Die belangte Behörde hat ihre Auffassung damit begründet, daß die Vereinbarung vom 29. März 1982 widersprüchlich sei und weder in den Büchern der Ges.m.b.H. noch in der späteren "Abänderung des stillen Gesellschaftsvertrages vom 23. 10. 1978 in der Fassung vom 16. 3. 1982" vom 7. September 1983 einen Niederschlag gefunden habe. Alle diese Überlegungen sind zutreffend. Während nämlich die aus Anlaß der Aufstockung der stillen Beteiligung des Beschwerdeführers von S 600.000,-- auf S 1 Million vereinbarte Abänderung des stillen Gesellschaftsvertrages vom 16. März 1982 ausdrücklich festhielt, daß dadurch die Bestimmungen des ursprünglichen Gesellschaftsvertrages unverändert zu bleiben hätten, wurde davon abweichend in der Vereinbarung vom 29. März 1982 festgehalten, mit der Änderungsvereinbarung vom 16. März 1982 sei hinsichtlich der Rechtsstellung des stillen Gesellschafters eine Änderung herbeigeführt worden. Aus dem Verhalten der Vertragspartner nach dem 29. März 1982 wiederum kann nur - wie dies die belangte Behörde zutreffend getan hat - geschlossen werden, daß es in Wahrheit Absicht der Vertragspartner war, die die rechtliche und wirtschaftliche Stellung des Beschwerdeführers als eines "unechten" stillen Gesellschafters gemäß dem Vertrag vom 23. Oktober 1978 aufrecht zu erhalten. Dies ergibt sich sowohl aus der in der Bilanz der Ges.m.b.H. für das Jahr 1983 verwendeten Bezeichnung "Verlust-verr. Kto. atypischer stiller Ges." als auch insbesondere aus der späteren Vertragsänderung vom 7. September 1983, in welcher neuerlich die Bestimmungen des Gesellschaftsvertrages vom 23. Oktober 1978 sowohl hinsichtlich der Art der Beteiligung des Beschwerdeführers als auch hinsichtlich dessen Auseinandersetzungsansprüchen als unverändert bestätigt wurden, ohne daß die angebliche Änderung dieser Rechtsverhältnisse gemäß der Vereinbarung vom 29. März 1982 einen Niederschlag gefunden hätte.

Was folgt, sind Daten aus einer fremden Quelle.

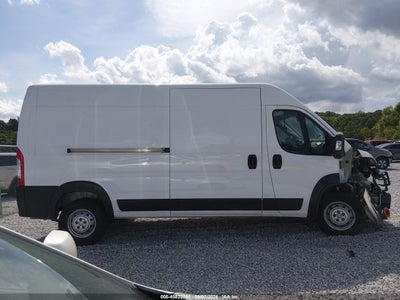 RAM PROMASTER 2500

Wenn die belangte Behörde aus diesen Umständen den Schluß gezogen hat, die Vereinbarung vom 29. März 1982 gebe den wahren Willen der Vertragspartner nicht wieder, sie hätte vielmehr davon abweichend ausschließlich der Geltendmachung steuerlicher Vorteile dienen sollen, ist darin keine Verletzung von Rechten des Beschwerdeführers zu erblicken. Die Beschwerde war daher gemäß § 42 Abs. 1 VwGG als unbegründet abzuweisen.

Die Entscheidung über den Aufwandersatz gründet sich auf die §§ 47, 48 Abs. 2 Z. 1 und 2 sowie 59 Abs. 3 VwGG in Verbindung mit Art. I B Z. 4 und 5 der Verordnung des Bundeskanzlers vom 30. Mai 1985, BGBl. Nr. 243.